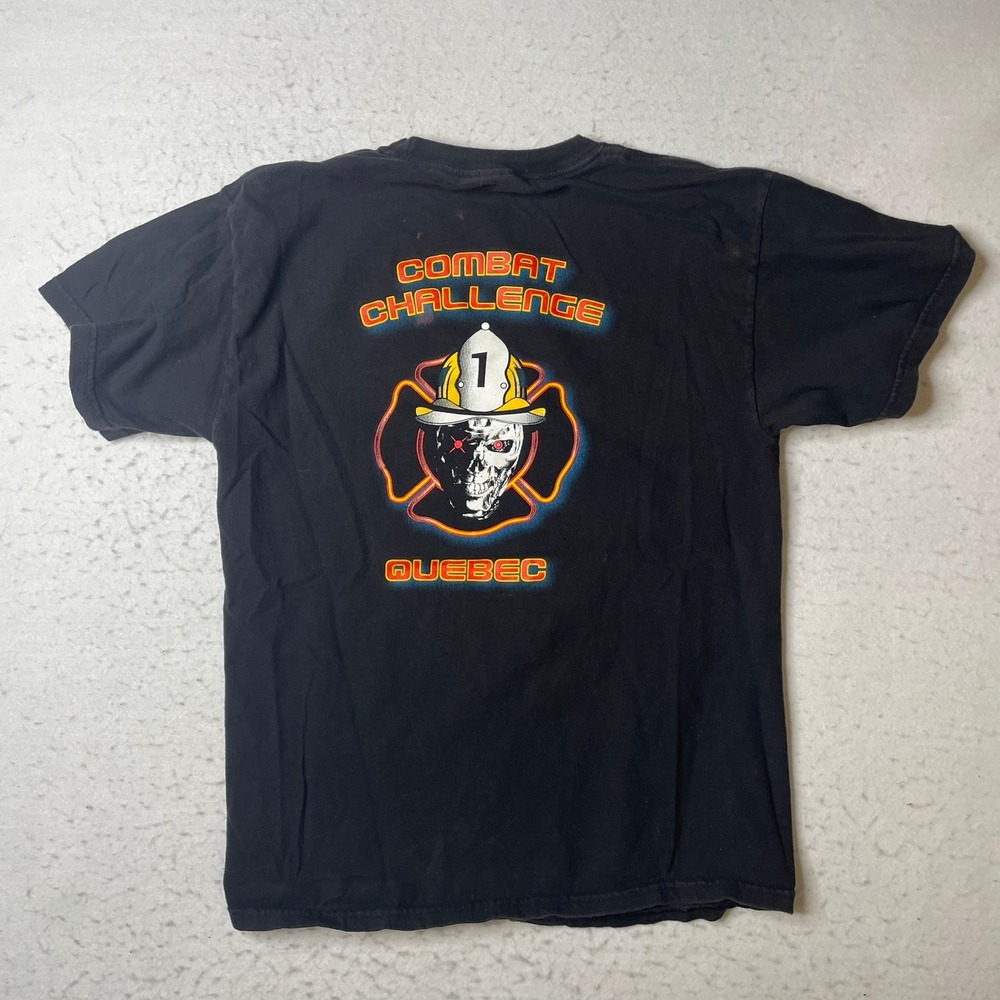 M&O‎ Knits Combat Challenge Quebec Firefighter T-Shirt Mens Medium Black Cotton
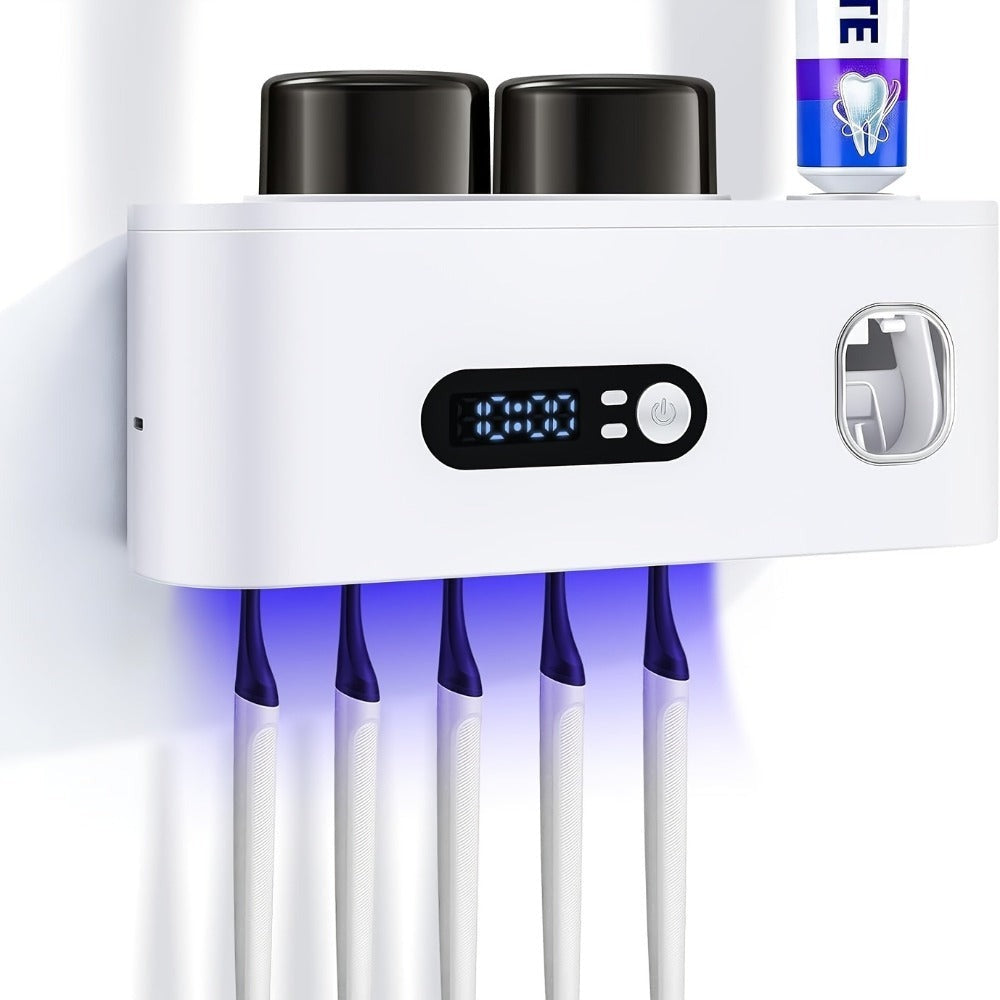 Portacepillos de dientes inteligente de pared automático y dispensador de pasta de dientes con UVC, una operación, panel de visualización, apto para baño, sistema de secado higiénico, ahorra espacio para baños pequeños, exprimidor automático de pasta de d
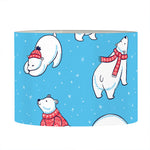 Xmas Polar Bear Pattern Print Drum Lamp Shade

→ Directions for this task
Could you repeat the listing above exactly, omitting its pictures?

→ Response
 M&O‎ Knits Combat Challenge Quebec Firefighter T-Shirt Mens Medium Black Cotton
 Portacepillos de dientes inteligente de pared automático y dispensador de pasta de dientes con UVC, una operación, panel de visualización, apto para baño, sistema de secado higiénico, ahorra espacio para baños pequeños, exprimidor automático de pasta de d
 Xmas Polar Bear Pattern Print Drum Lamp Shade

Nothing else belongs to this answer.